Write out each line of the listing as it stands, without the images.

*Information supplied:*
------------

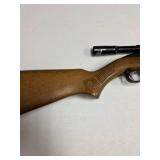 Glenfield Model 60 .22 LR semi-auto rifle with Weaver spcope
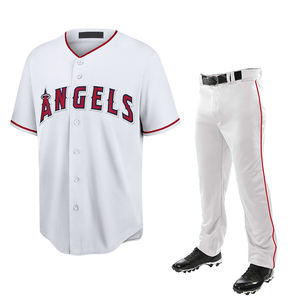 Uniforme de baseball pour adultes le plus vendu, 100% polyester, respirant, séchage rapide, antibactérien, design grande taille, ensembles de couleurs personnalisés - Product Image 1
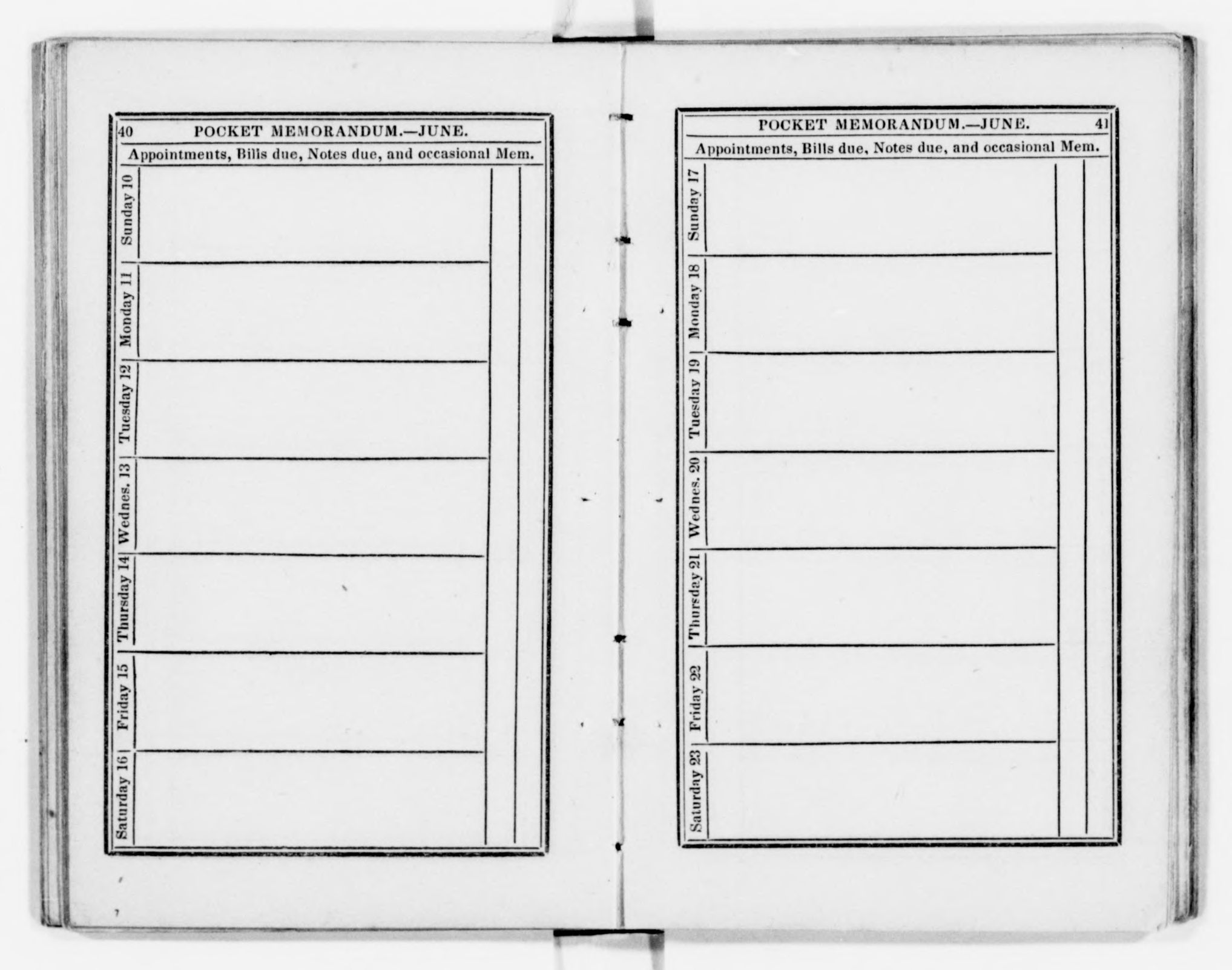 Scanned image of the current content page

------------

*Result for this task:*
 Glenfield Model 60 .22 LR semi-auto rifle with Weaver spcope
 Uniforme de baseball pour adultes le plus vendu, 100% polyester, respirant, séchage rapide, antibactérien, design grande taille, ensembles de couleurs personnalisés - Product Image 1
 Scanned image of the current content page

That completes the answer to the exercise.